Oyó entonces el ruido de la verja que se abría, y alguien entró en el callejón. Siete pasos exactos desde aquella verja hasta la ventana de Marcos Gil, el profesor de música. Otros siete hasta la ventana de Domingo Albert, el médico sin fortuna. Luego, nada. Óscar, el único vecino con el que apenas hablaba, había vuelto de su último trabajo con la puntualidad de siempre. Se oyó el ruido de la puerta, el chasquido de la luz en la escalera, el crujido de los peldaños, el lento palpitar de la casa donde desde el principio de la eternidad han estado ocurriendo las mismas cosas.

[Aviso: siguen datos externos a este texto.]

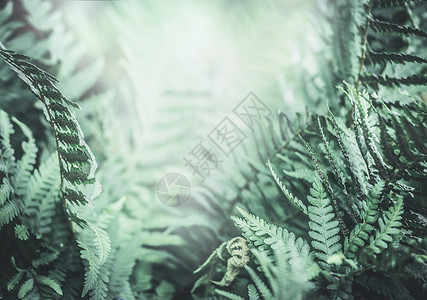 热带蕨类植物的丛林自然背景图片
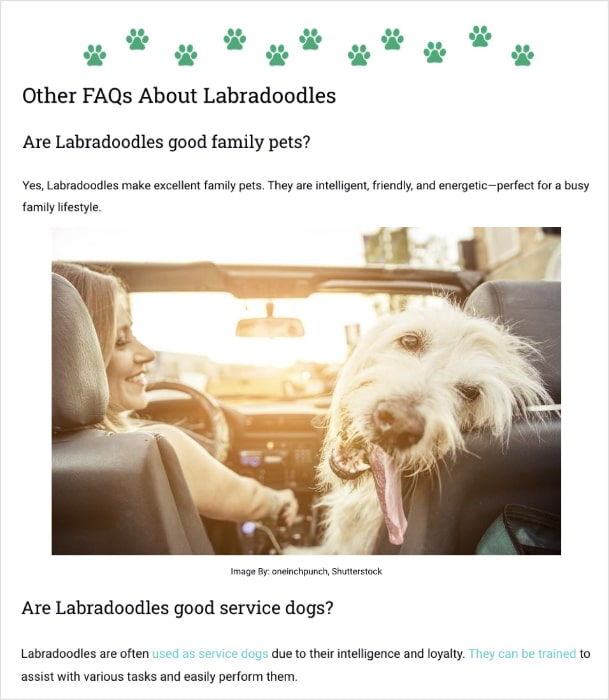 Labradoodle FAQs.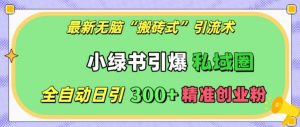 最新无脑“搬砖式”引流术,小绿书引爆私域圈,全自动日引300+精准创业粉【揭秘】-水滴知识网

Domingo Albert se abrochó el pijama, fue hasta el centro de la habitación en penumbra y desde el borde de la cama contempló en silencio la cara de la mujer que dormía parsimoniosamente y que era para él como una prolongación del mueble, como un relieve de la penumbra, como un latido más de la casa. No sabía bien si eso es amor cuando el amor se transforma en costumbre, en una simple posesión de unos recuerdos o en una cotidiana piedad. Pero lo que Domingo Albert sabía era que aquella mujer ya no significaba nada para él, que no era más que un episodio extinguido de su vida, aunque él se empeñara en darle nuevas formas y nuevos matices cuando la miraba a través del silencio de los días.